WHAT TO PRODUCE: Repeat the data below in full. Pictures must not be part of the copy.

PROVIDED DATA:

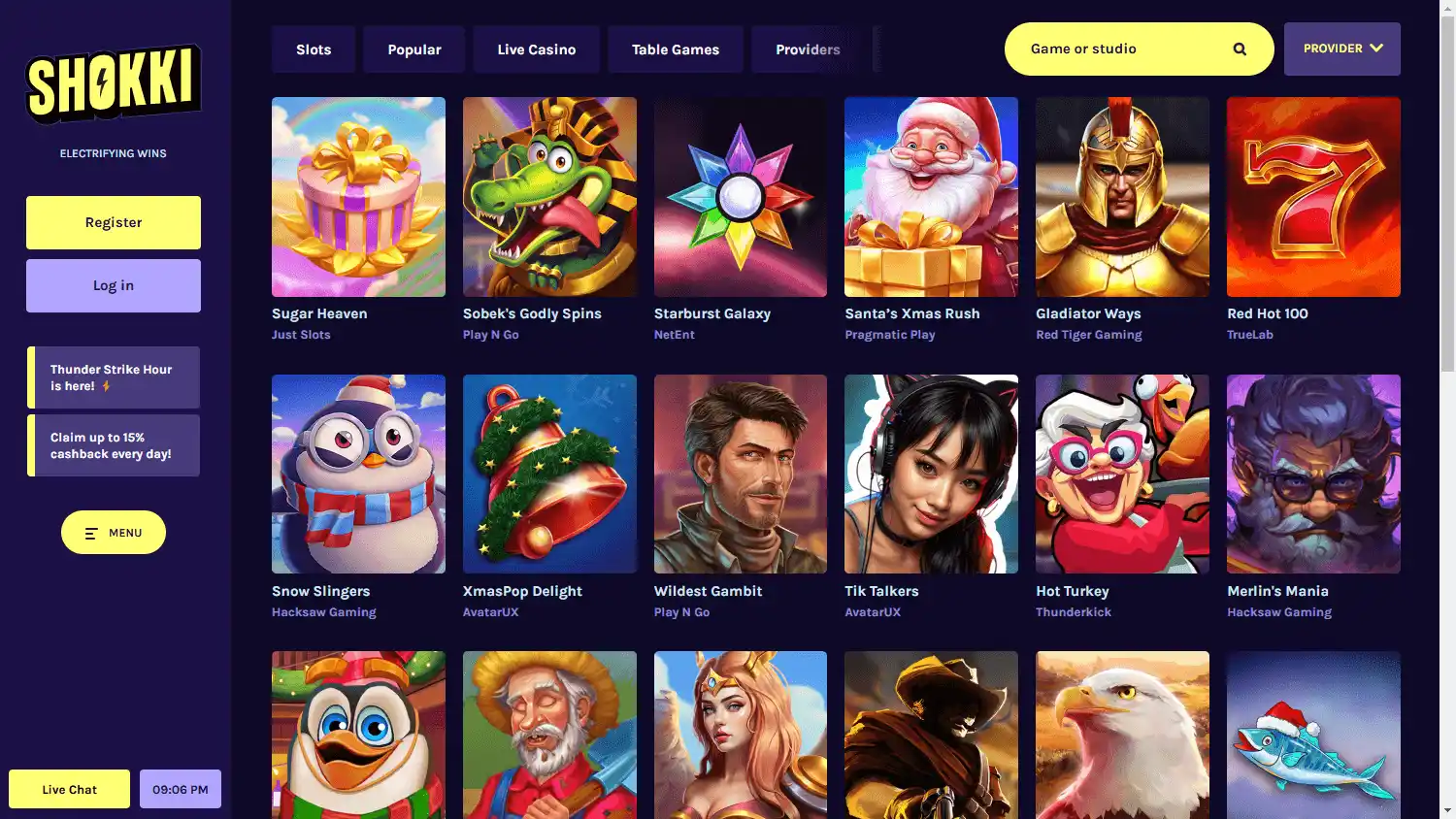 Shokki Casino screenshot 2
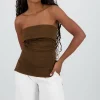 Top tubo con dobles escote Hypsters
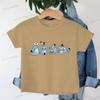 KPop Demon Hunters Tiger T-shirt Baby Girls Boys New Cartoon Cotton Tee Cute Tiger Print Crew Neck Cool Kids Tee Movie T-shirts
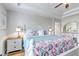 Spacious main bedroom with tray ceiling, nightstands and decorative bedding at 21658 E Tallkid Ave, Parker, CO 80138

OUTPUT BELOW:
 Shokki Casino screenshot 2
 Top tubo con dobles escote Hypsters
 KPop Demon Hunters Tiger T-shirt Baby Girls Boys New Cartoon Cotton Tee Cute Tiger Print Crew Neck Cool Kids Tee Movie T-shirts
 Spacious main bedroom with tray ceiling, nightstands and decorative bedding at 21658 E Tallkid Ave, Parker, CO 80138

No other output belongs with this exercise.